During a briefing with Nielsen on Wednesday, the major networks, especially CBS, said they were opposed to implementing the changes until a thorough review of the impact of the changes on TV ratings could be made, and until the industry ratings watchdog, the Media Rating Council, could sign off on the process.
In meetings and communications with various clients to date, Nielsen executives have implied that the MRC had been fully briefed, and had already endorsed the move, but it became evident during Wednesday's briefing that is not the case, and some clients said they believe Nielsen is forcing the issue and trying to ramrod a process for business reasons other than managing the quality of its national TV ratings - principally, the introduction of its so-called "Extended Screen" service, which will measure viewing of TV programming done via computers connected to the Internet.
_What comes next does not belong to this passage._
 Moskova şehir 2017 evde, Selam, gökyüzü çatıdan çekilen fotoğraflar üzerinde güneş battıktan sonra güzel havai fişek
Nielsen executives have told clients they need the new weighting controls in place at the start of the 2010-11 TV season in September, in order prepare for its Extended Screen service, which is expected to be released no later than February 2011.
CBS executives expressed the greatest concern over Nielsen's rush, and the fact that the MRC had not yet vetted the plan.
The broadcast network reaction was different from those of some cable networks, especially Turner Broadcasting System and ESPN, who have been pushing to accelerate the changes, and some clients believe the divisions have to do with potential competitive advantages or disadvantages they weighting changes could have on ratings for various networks, which could manifest in gains or losses in advertising revenues.
Nielsen executives have maintained that the sample weighting adjustments would have only a miniscule impact on actual ratings, and primarily around periods when Nielsen's sample households install new consumer electronics, usually around the Christmas holidays.
While changes in computer/Internet access is one concern, some Nielsen clients believe CBS' reaction is likely based on Nielsen's plan to begin giving more weight to households headed by people under the age of 25, a demographic the network skews low on.
Meanwhile, a Nielsen spokesperson took issue with MediaDailyNews' report earlier in the week that Nielsen disclosed to clients that it did not have the ability to measure TV viewing done via Apple computers connected to the Internet. The spokesperson said the revelation was not new, and had been previously disclosed to clients, and that Nielsen has a solution that will enable it to begin tracking TV viewing via Apple computers beginning this fall.